(Image-caption web data)
━━━━━━━━━━

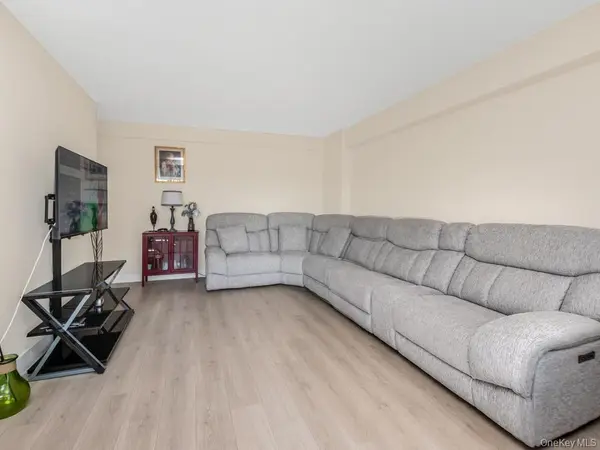 820 Boynton AVE #7A, Bronx, NY 10473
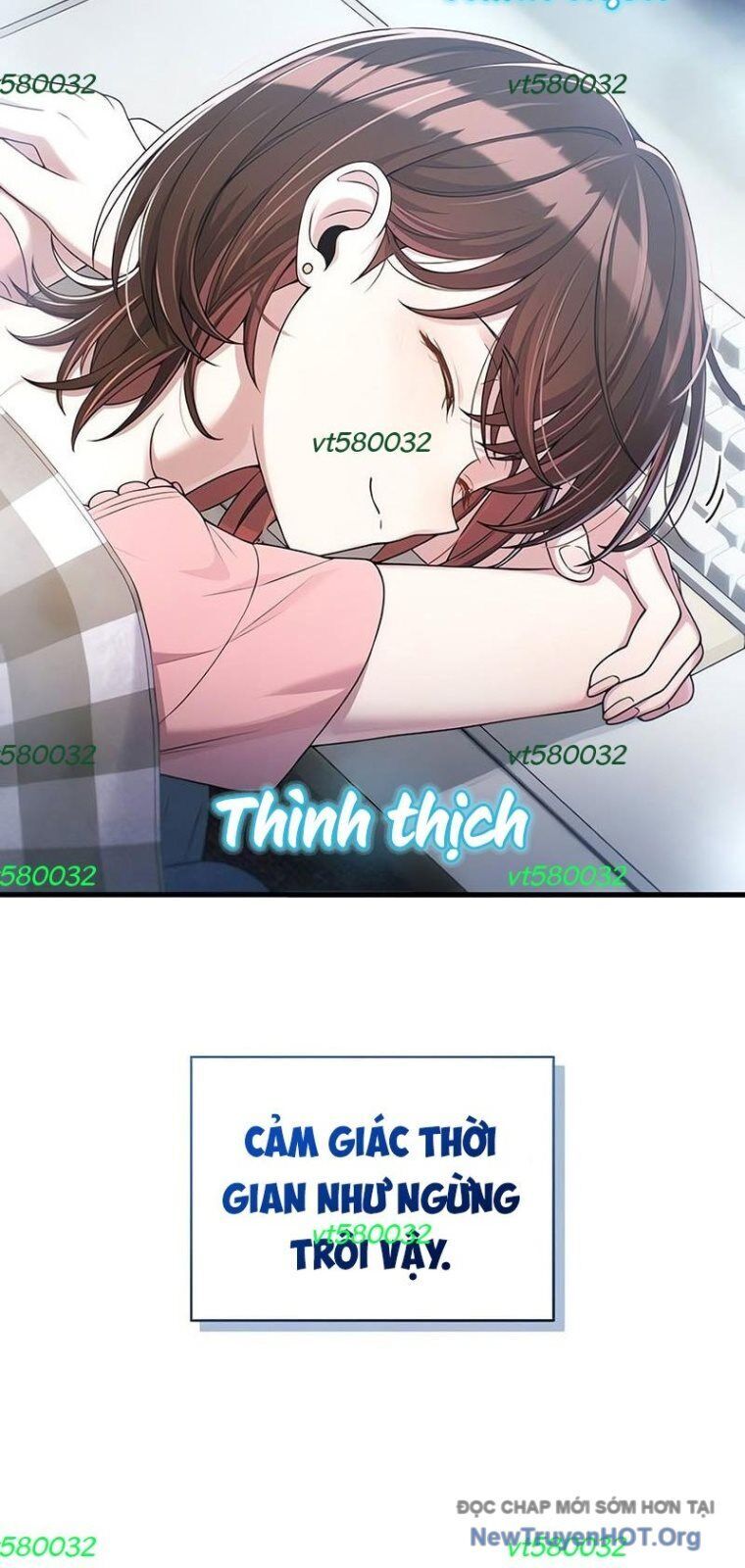 Chương 21 - Trang 5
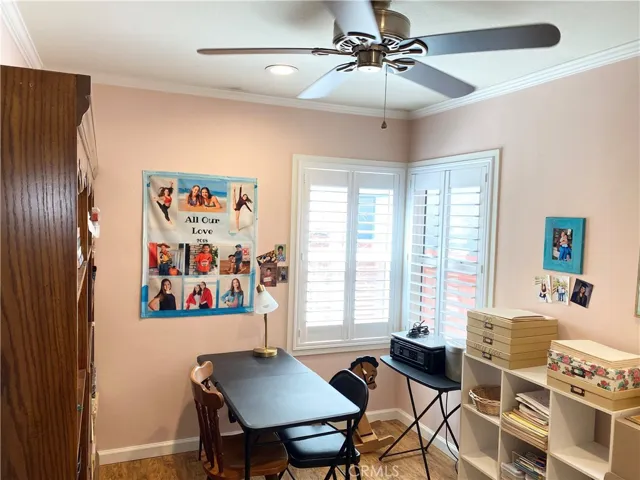 258 17th Street, Seal Beach, California 90740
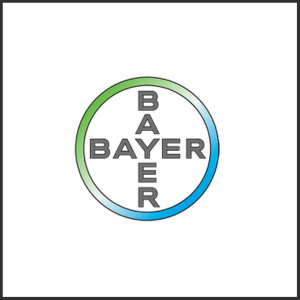Bayer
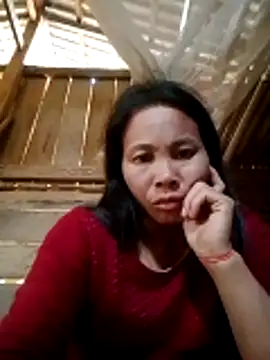 Ana hoa online show from 2, 12, 2025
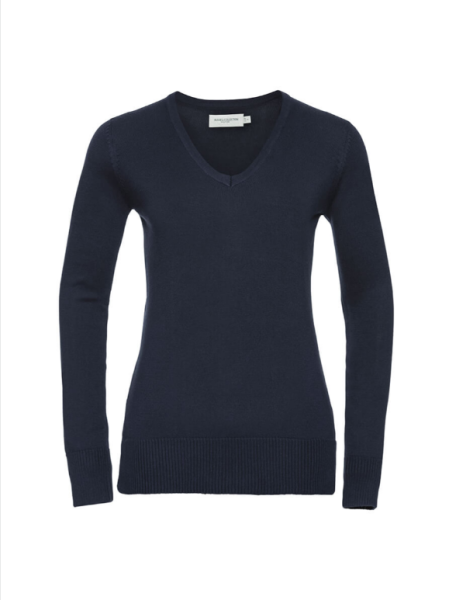 pullover-donna-collo-a-v-blu-navy.jpg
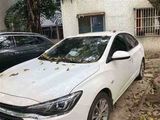 克拉玛依市正规二手车辆回收商|收购汽车，快速上门电话，诚信可靠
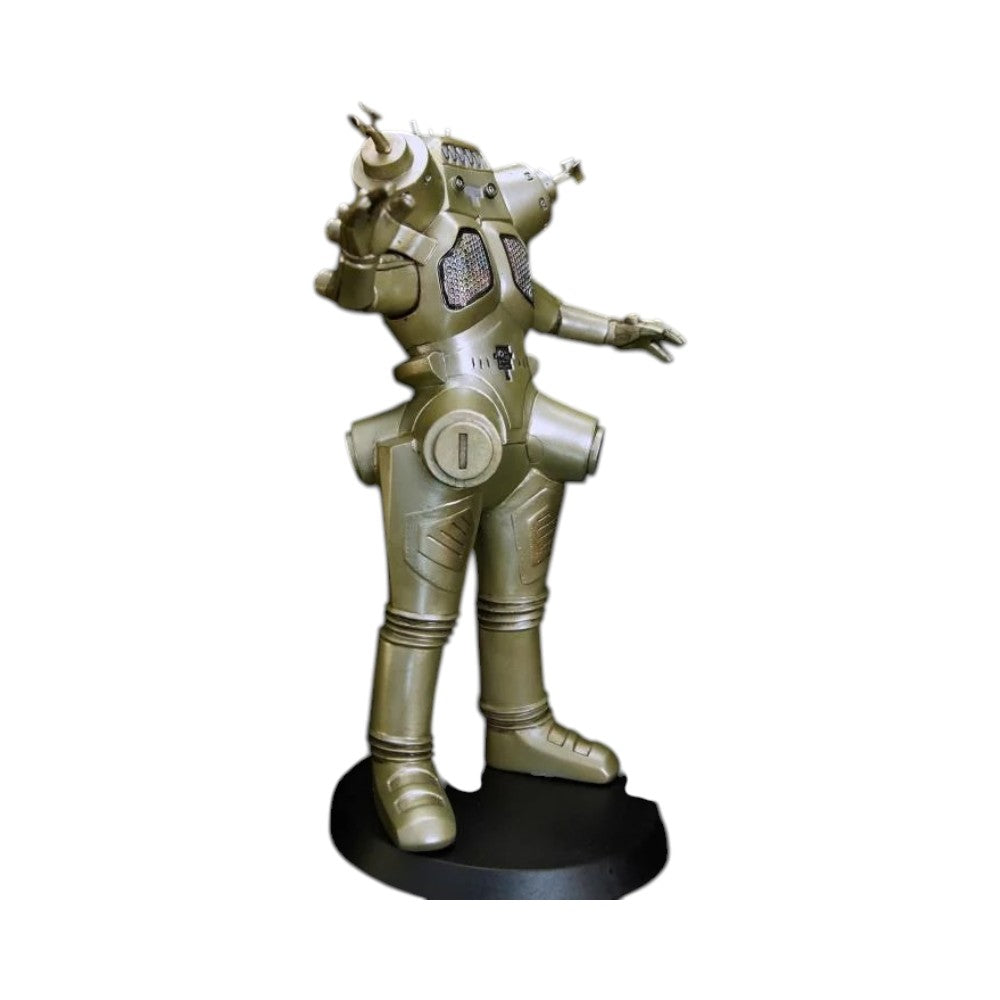 Ultraseven Middle Size Series King Joe Model Kit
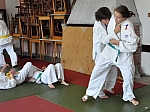 Sob. rybnik 2013__180.jpg
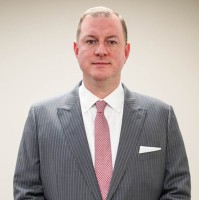 Michael Rosenberg
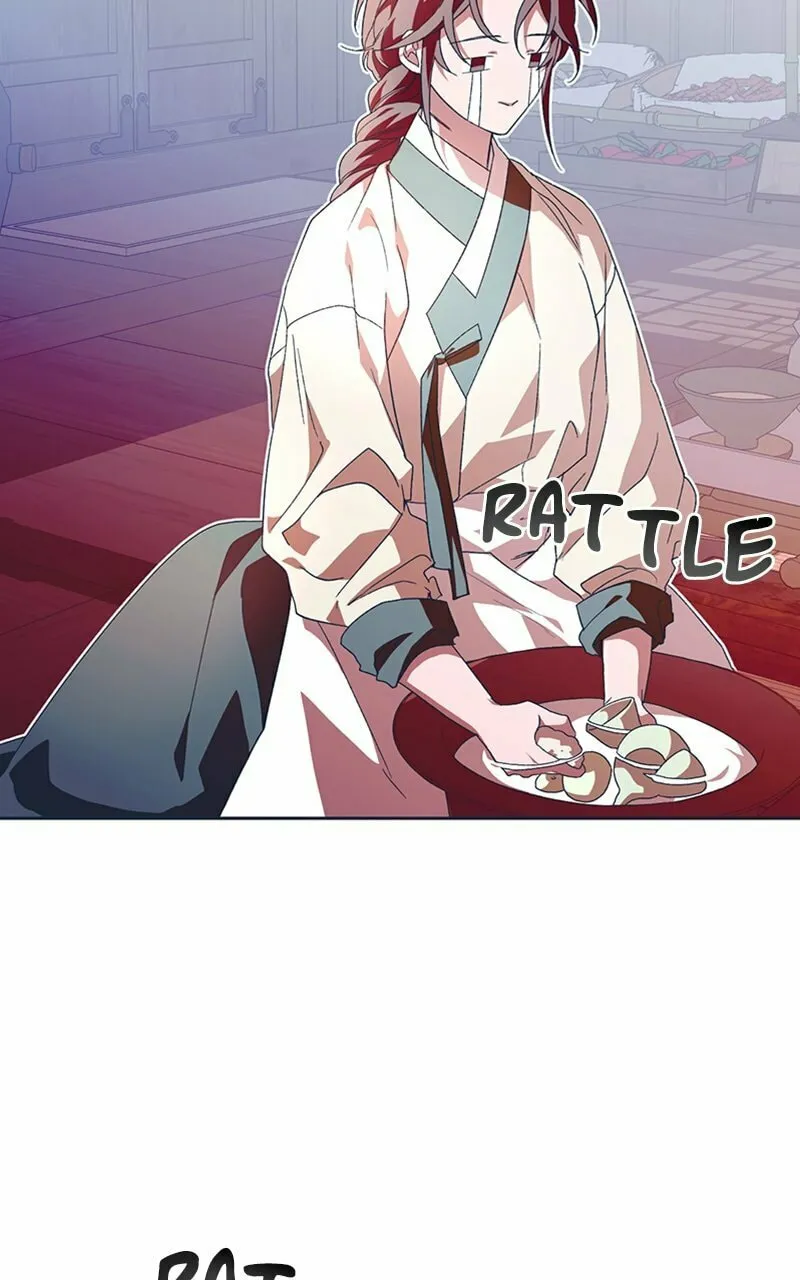 That Which Flows By Chapter 25 page 82 -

━━━━━━━━━━

▶ _WORK INSTRUCTIONS_
Repeat all the data as it stands, dropping any images it holds.

▶ _RESULT_
 820 Boynton AVE #7A, Bronx, NY 10473
 Chương 21 - Trang 5
 258 17th Street, Seal Beach, California 90740
Bayer
 Ana hoa online show from 2, 12, 2025
 pullover-donna-collo-a-v-blu-navy.jpg
 克拉玛依市正规二手车辆回收商|收购汽车，快速上门电话，诚信可靠
 Ultraseven Middle Size Series King Joe Model Kit
 Sob. rybnik 2013__180.jpg
 Michael Rosenberg
 That Which Flows By Chapter 25 page 82 -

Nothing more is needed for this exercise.